Disc One closes with a pair of well-known Paul Gayten sides, "Drivin' Home," Pt. 2 (Argo 5263) and the Larry Darnell hit, "For You My Love," long available on CD on Wrinkles and Chess King of New Orleans, respectively. The capper is a fantastic Eddie Bo recording, "Walk That Walk," unissued in 1957 and previously available only on the New Orleans Rhythm & Blues LP.
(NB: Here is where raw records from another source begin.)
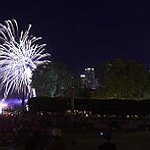 BucketList + Go To A Beach Festival ... = ✓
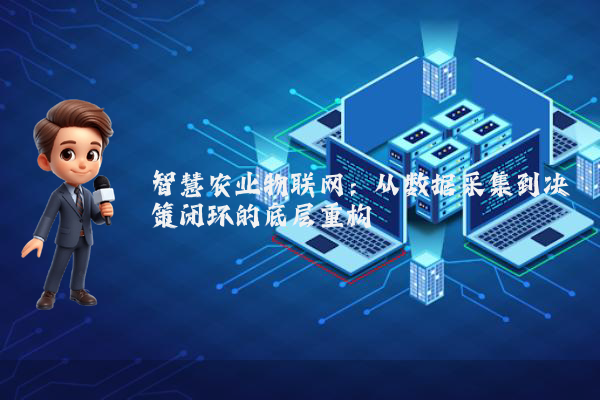智慧农业物联网：从数据采集到决策闭环的底层重构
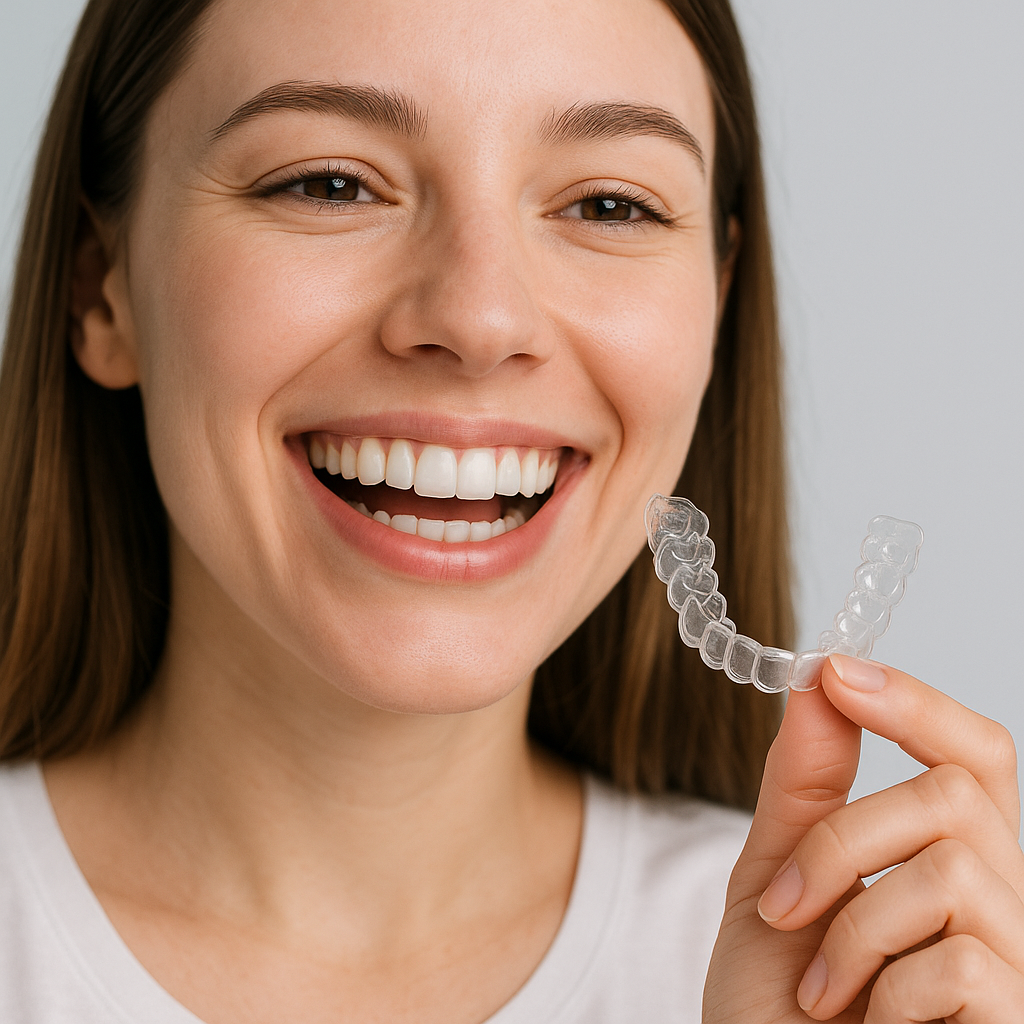 Braces and Aligners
CD Two introduces Chess's brightest Crescent City star, the inimitable Clarence "Frogman" Henry, who crashed the national charts with "Ain't Got No Home" (Argo 5259) in late 1956 and laid down a trail of hot singles with "It Won't Be Long" (Argo 5273), "But I Do" (5278), "I'm In Love" (5305) and "Little Suzy" (5388), all but the latter issued on the recent Frogman Chess anthology, Ain't Got No Home. New here is a previously unreleased Frogman recording of the Five Keys' "Glory of Love," which would not have gone too far had it been issued in 1964.

Disc Two also includes a pair of Paul Gayten instrumentals, "Nervous Boogie" (Argo 5277) and "Tickle Toe" (5300)--not the Count Basie/Lester Young masterwork but a fairly trivial bit of pop fluff--and both on CD for some time already. Eddie Bo gets another shot with the never-before-released pairing of "Hip Hip Hooray" and "Where's My Baby" from 1957 plus his delightful Chess single "Oh Oh" (1698), all three sides providing further proof of Eddie's utter mastery of every nuance of the rhythm & blues idiom. Why wasn't this man president?
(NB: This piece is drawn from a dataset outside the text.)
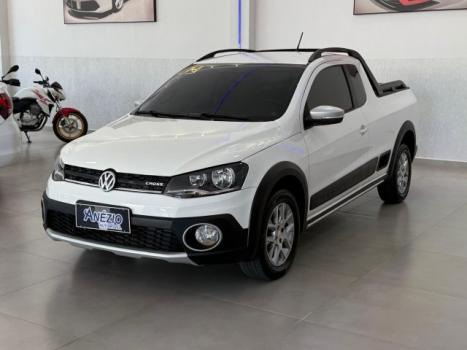VOLKSWAGEN Saveiro 1.6 16V G6 CROSS CABINE ESTENDIDA FLEX, Foto 1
Also present is the T.V. Slim masterpiece, "Flatfoot Sam" (Argo 5277), re-cut by Paul Gayten from the original master recorded in Shreveport in 1957; Edgar Blanchard's unissued single, the broiling "Lawdy Mama"; (Warren) Myles & (August "Dimes") Dupont's take-off on Larry Williams' "Short Fat Fanny" called "Loud Mouth Annie" (Argo 5326); and the soulful Rod Bernard coupling of Guitar Gable's "This Should Go On Forever" with his own "Pardon Mr. Gordon." All but the latter were on the New Orleans Rhythm & Blues LP.

What's left are three wonderful cuts from the Chess vaults: both sides of Reggie Hall's Chess single, "The Joke" b/w "You Can Think What You Want," picked up from Rip Records and issued as Chess 1816; and a truly obscure Earl King side, "Feeling My Way Around," unobtainable since its 45 rpm release as Checker 1167 in 1965. "The Joke" is simply one of the most hilarious novelty singles ever released, and the album closer, "Feeling My Way Around," is another extremely welcome addition to the available body of work by the prolific musical genius of modern-day New Orleans, Mr. Earl King.

Chess New Orleans makes for a great listen from beginning to end, and contemporary audiences who have only stumbled across the occasional Chess single from the Crescent City will benefit greatly from hearing all these fine sides gathered together and placed in historical context under the Chess/Checker/Argo aegis.

But collectors will have a real problem balancing the cost of this 2-disc set against the number of previously unavailable sides issued on Chess New Orleans. And we want more obscurities and unreleased masters, like the remaining cuts on the New Orleans Rhythm & Blues LP: "Country Boy" by the Frogman; "Rhythmatic Rhythm," "What Can I Do" and "I Cried All The Way Home" by Hungry Williams; "Ding Dong Darling" and "Foolish Woman" by Allen Brooks; and Bobby Blanquet's "Needing Your Love."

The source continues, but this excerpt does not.